Task to carry out ::
From the first line to the last, give the material again exactly, without the images.

Given material ::
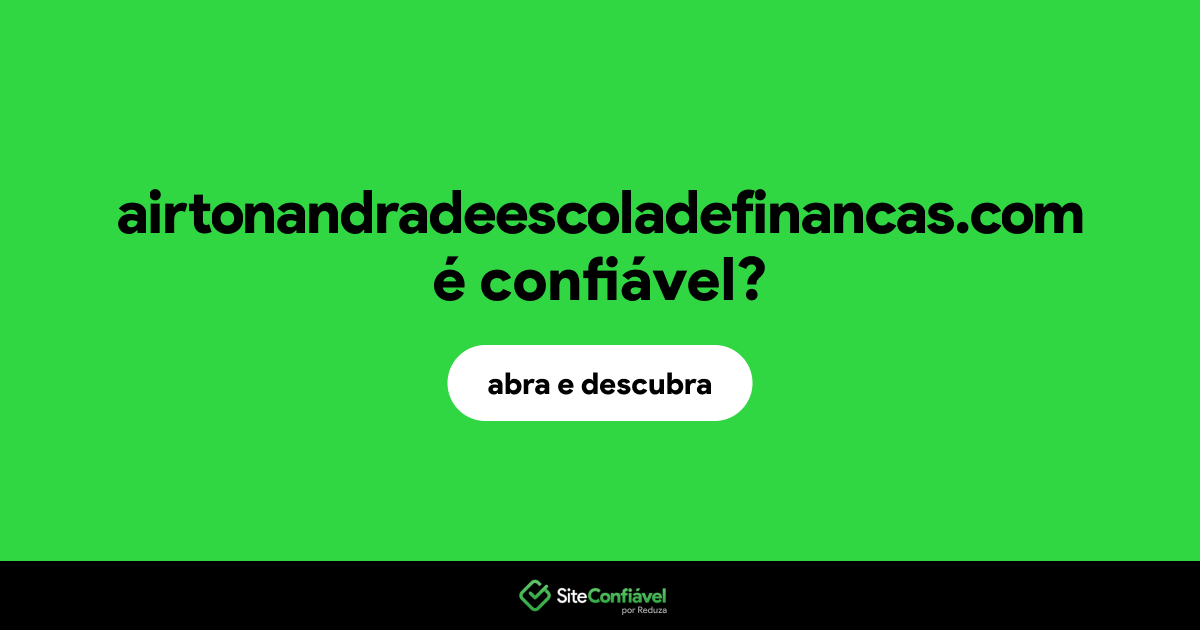 O site airtonandradeescoladefinancas.com é confiável?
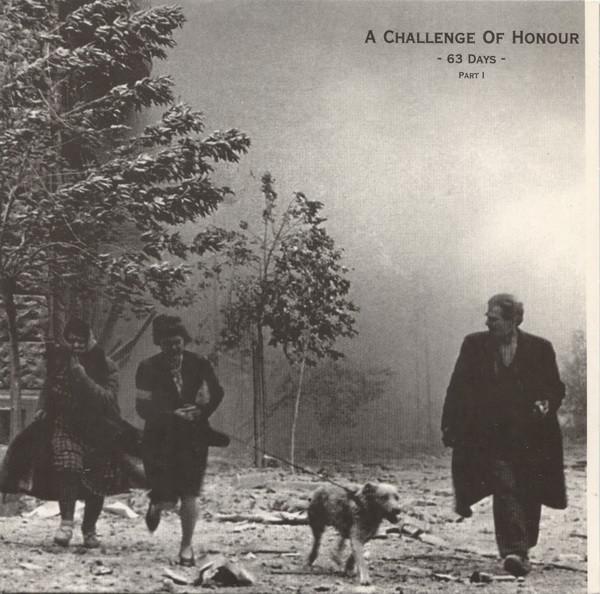A Challenge Of Honour - 63 Days (Part I)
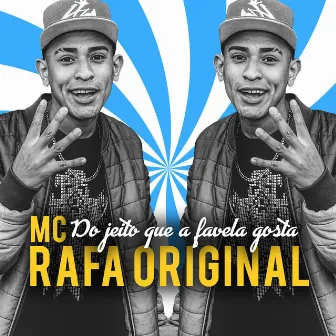 Do Jeito Que a Favela Gosta by Mc Mingau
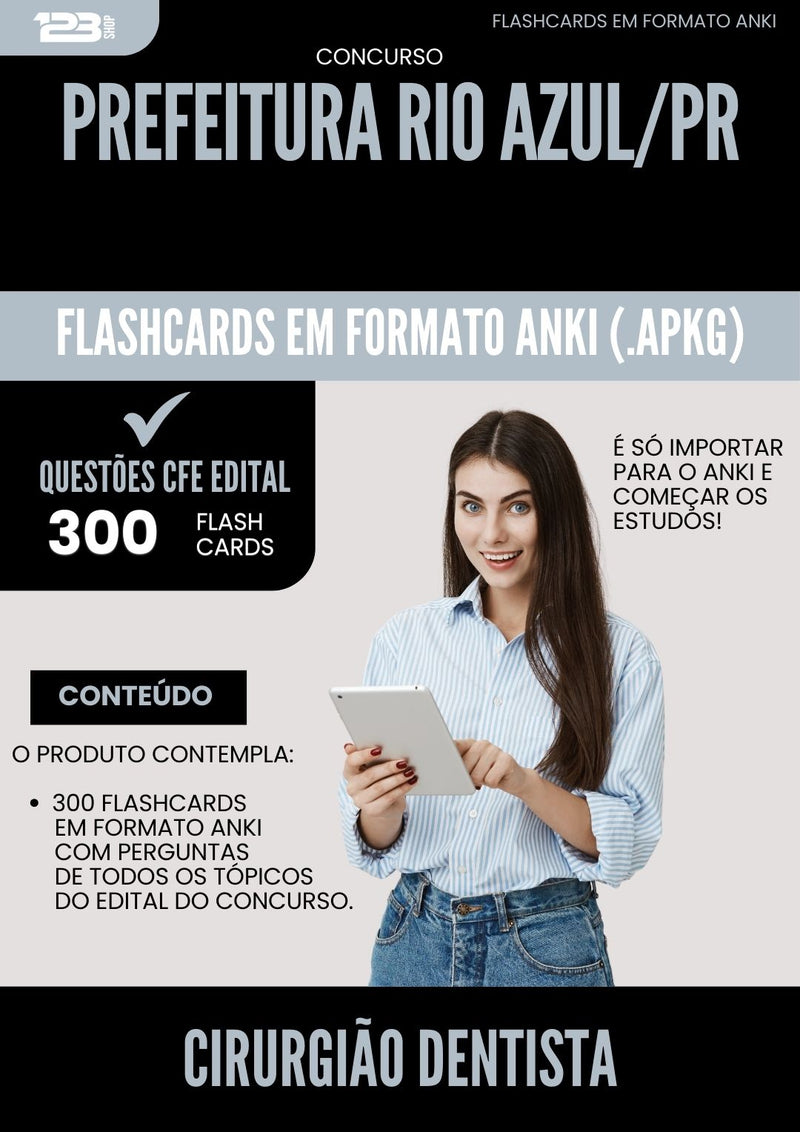 Flashcards para Concurso Cirurgiao Dentista da Prefeitura Rio Azul Pr 2025 - 300 Flashcards de Acordo com Edital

Written answer ::
 O site airtonandradeescoladefinancas.com é confiável?
A Challenge Of Honour - 63 Days (Part I)
 Do Jeito Que a Favela Gosta by Mc Mingau
 Flashcards para Concurso Cirurgiao Dentista da Prefeitura Rio Azul Pr 2025 - 300 Flashcards de Acordo com Edital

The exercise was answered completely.